Changing the parser to a context-free grammar approach #168

BlueDrink9 · 2022-10-20T09:46:21Z

Opening a new issue to further discuss the comment in #164

I am planning to write a formal grammar for the config, but haven't taken the time to do it. Once this is done, writing the config parsing code using a separate library will be easier. Quite a few of them exist for Rust: pest and rust-peg seemed interesting, but a lot of alternatives also exist.

I've took a look at a few rust parsers, but hadn't seen either of those. My personal preference is to use parsers that use separate grammar files with dedicated specific syntax. In this case, pest looks like the best option by far. The reason I prefer this: it separates the concerns of defining a grammar from using the grammar in Rust - the grammar is more language-agnostic, and does not have to be concerned with computer syntax elements. You can see the different with rust-peg, which defines grammars in-line. Dedicated syntaxes are therefore much much more readable, which helps a lot when it comes to maintaining them. It does mean having to learn a new syntax, but my experience has been that they are very simple to learn, especially if you are used to regex.

Separating defining the structure from transforming it into a result is also probably more useful for a config parser like this, I think, because of how we don't necessarily want to do anything with the parsed result right away.

Example of a pest grammar (separate, dedicated PEG syntax):

num = @{ int ~ ("." ~ ASCII_DIGIT*)? ~ (^"e" ~ int)? }
    int = { ("+" | "-")? ~ ASCII_DIGIT+ }

operation = _{ add | subtract | multiply | divide | power }
    add      = { "+" }
    subtract = { "-" }
    multiply = { "*" }
    divide   = { "/" }
    power    = { "^" }

expr = { term ~ (operation ~ term)* }
term = _{ num | "(" ~ expr ~ ")" }

calculation = _{ SOI ~ expr ~ EOI }
WHITESPACE = _{ " " | "\t" }

Similar grammar in rust-peg (mixes grammar and resolution)

peg::parser!( grammar arithmetic() for str {
    pub rule expression() -> i64
        = sum()

    rule sum() -> i64
        = l:product() "+" r:product() { l+r }
        / product()

    rule product() -> i64
        = l:atom() "*" r:atom() { l*r }
        / atom()

    rule atom() -> i64
        = number()
        / "(" v:sum() ")" { v }

    rule number() -> i64
        = n:$(['0'..='9']+) { n.parse().unwrap() }
});

Admittedly, I don't know any rust so of course the second one is going to look more confusing. What I firmly believe though is that removing the burden of boilerplate and rust necessities from the grammar will make the grammar easier to work with.

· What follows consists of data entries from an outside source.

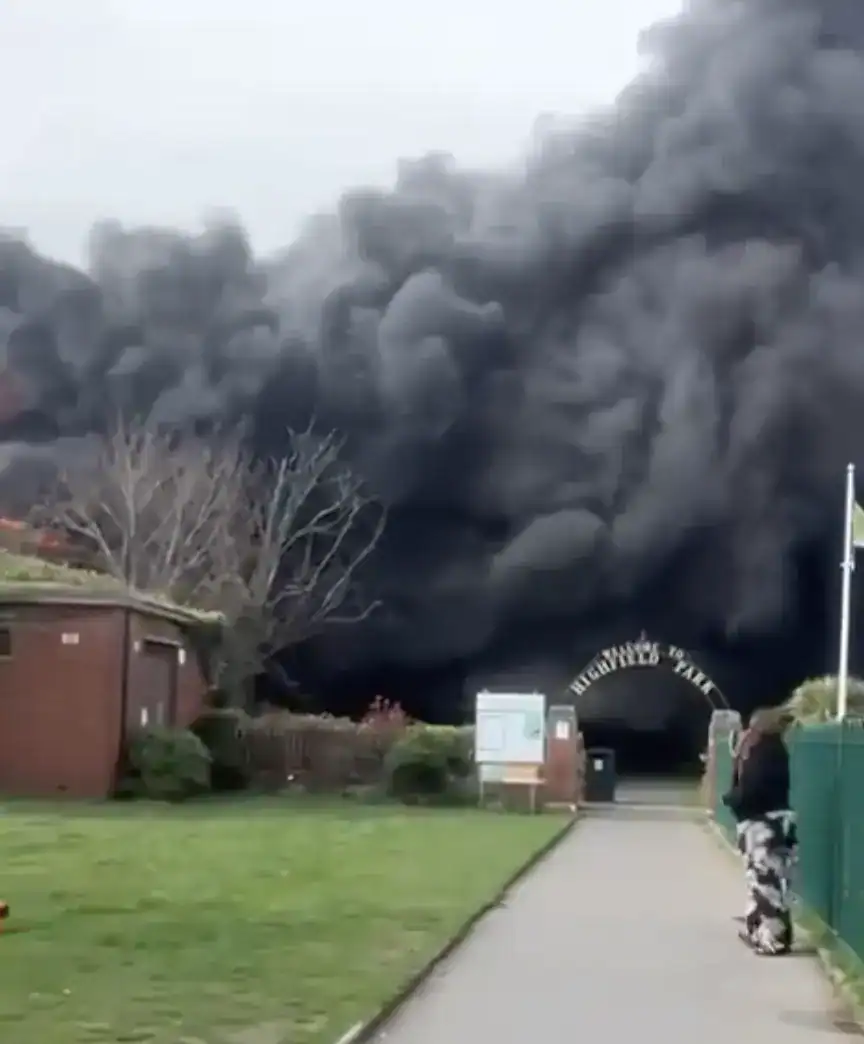 Huge Fire Engulfs Block of Flats in Blackpool as Thick Black Smoke Seen for Miles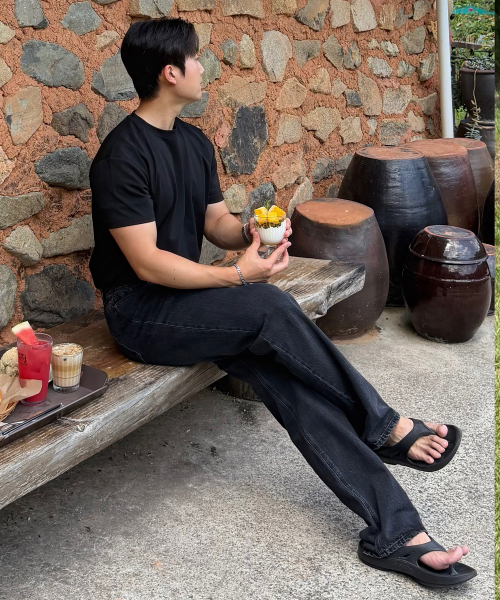 100 Cotton Wide Straight Black Raw-Neck Denim Pants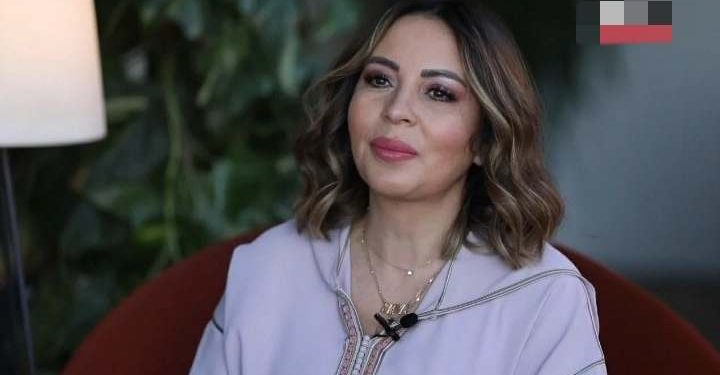 بعبارات حزينة٠٠فاطمة الزهراء لعروسي تحن إلى والدها المتوفى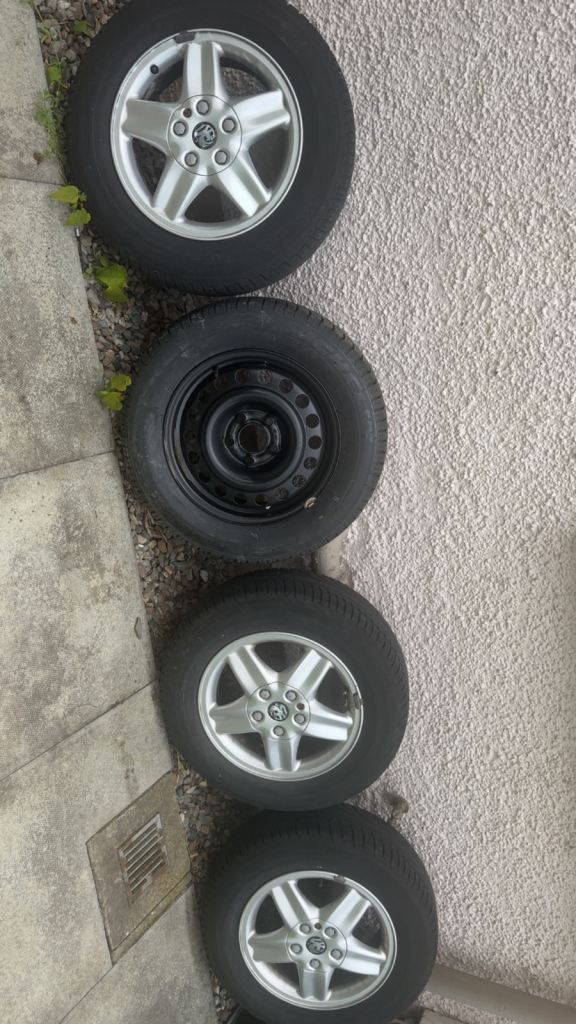Vauxhall 15 inch alloys 3 alloys and spare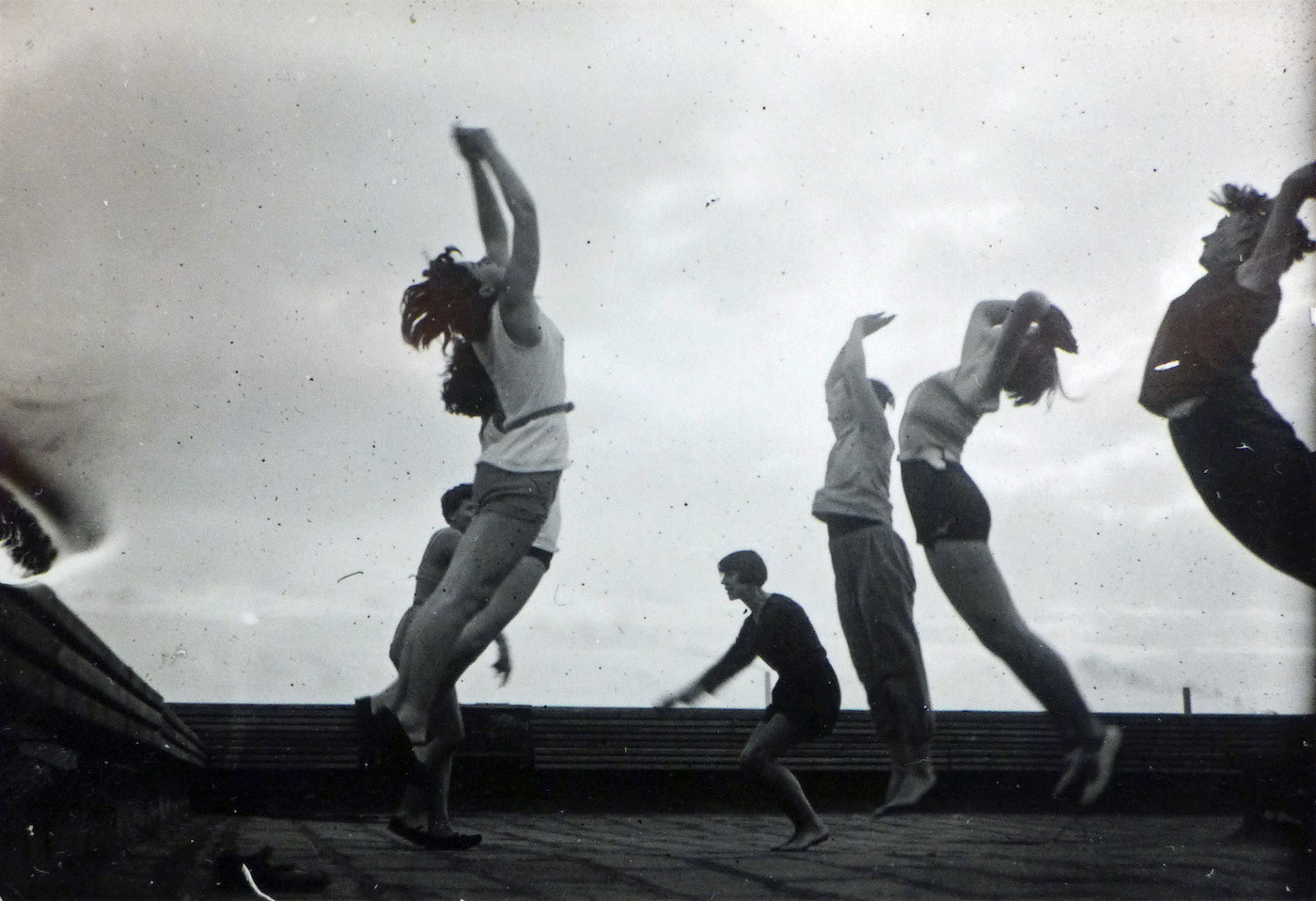 Gymnastik der Frauen auf dem Dach des Bauhauses, Leitung Karla Grosch I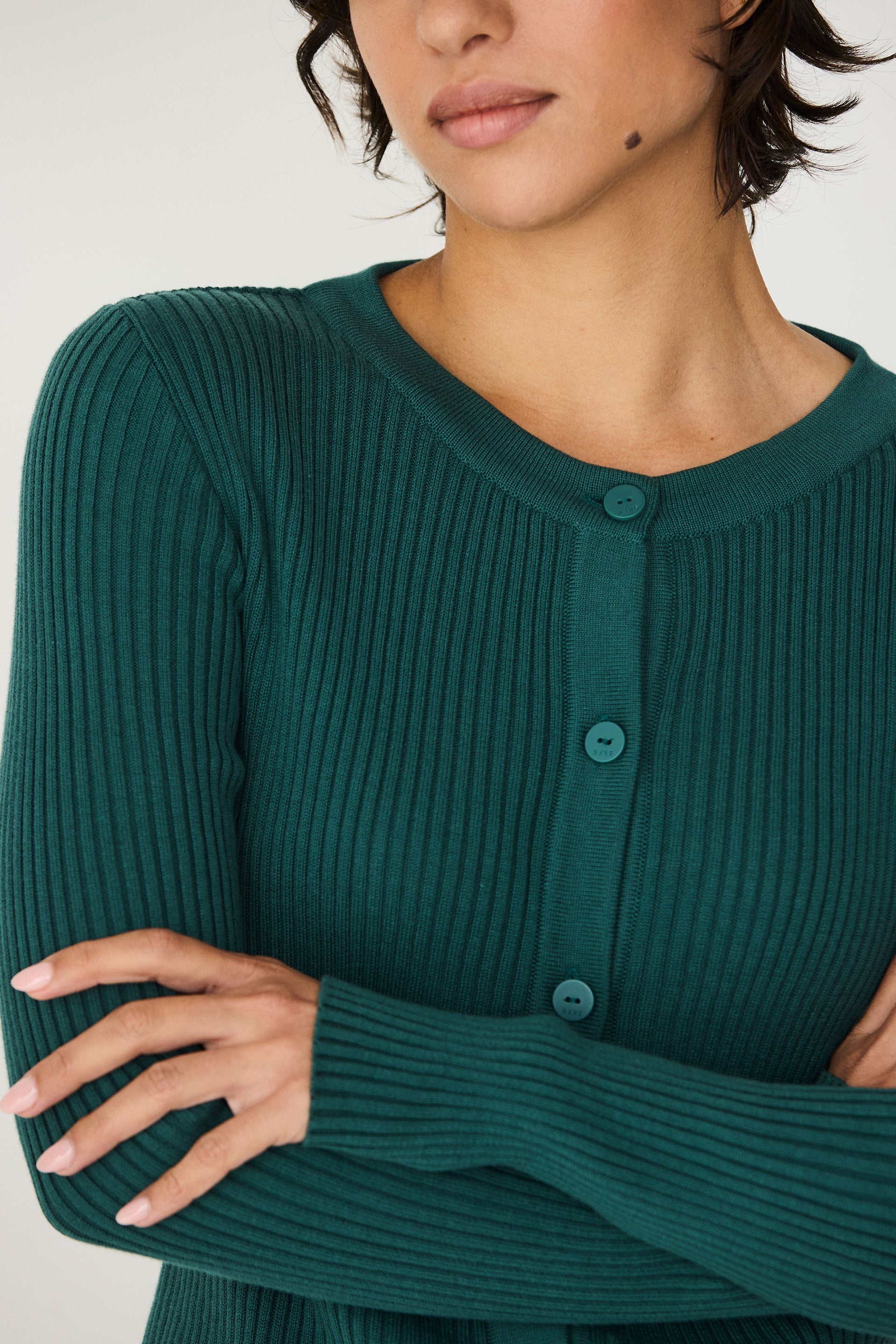 cardigan col rond en coton bio ekilore vert skfk femme cardigan col rond ekilore coton bio vert l armoire poethique 2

As proof of how easy it is, here's a rough sketch of the swhkd/sxhkd syntax's core, from the top of my head:

main = {
    SOI ~ 
    content*
    ~ EOI
}
content = {
    | comment
    | binding
    | newline *
    }

// _ means it gets ignored in the parser
comment = _{ "#" ~ CHARACTER* }
// We can ignore whitespace in general. This is a special rule which is automatically inserted between every expression - if it is here, whitespace will always be ignored.
WHITESPACE = _{ " " | "\t" }

// Accept at least one modifier, plus a number of modifiers, plus a key
binding = { modifier ~ ("+" ~ modifier)* ~ "+" ~ key ~ comment? ~ NEWLINE ~
    // The ${} syntax ensures that whitespace is not ignored, unlike usual.
    ${WHITESPACE ~ command}
}

// Caret makes strings case insensitive
modifier = {
    ^"super" 
    | ^"ctrl" 
    | ^"alt" 
    | ^"shift"
}

// Probably want to define the "key" rule in another file/import from a wayland library or however swhkd does it currently, and merge that rule with the rest of the grammar in rust rather than define it here. Alternatively - accept any string, then validate it in rust.
key = { ^<list of keys> }

// Parsing the command should be the shell's responsibility, so just send everything that isn't an unescaped newline to the shell.
command = { not_newline* }
// Uses a negative lookahead: if the following is not a newline, consume a character.
not_newline = {!unescaped_newline ~ ANY}
// Match a newline that has no escape char before it - but an escape char literal is fine.
newline = { !unescaped_escape_char "\n"
escape_char = {"\"}
// positive lookahead - match both or none.
escape_char_literal = {&escape_char ~ escape_char}
unescaped_escape_char = {!escape_char escape_char}

The above grammar should match

super + shift + enter # enter = return
    kitty

# file manager
super + shift + f
    pcmanfm

# web-browser
super + w
    firefox

The text was updated successfully, but these errors were encountered:

Shinyzenith · 2022-10-26T19:11:19Z

I didn't write any of the parser and lexer so I'll just go ahead and ping the ones who did: @EdenQwQ @angelofallars

woojiq · 2024-02-24T09:25:26Z

@Shinyzenith
Hello. I found this project idea as part of GSoC. I wonder what this means:

this idea plans to introduce a new parser with robust DSL rules by defining a formal grammar.
...
Create a new parser with proper parsing techniques

We need to create an EBNF grammar, that's clear. What about parser itself, should we write the parser manually (for example use recursive descent parser algo) or use existing tools for this, like pest, and not to reinvent the wheel?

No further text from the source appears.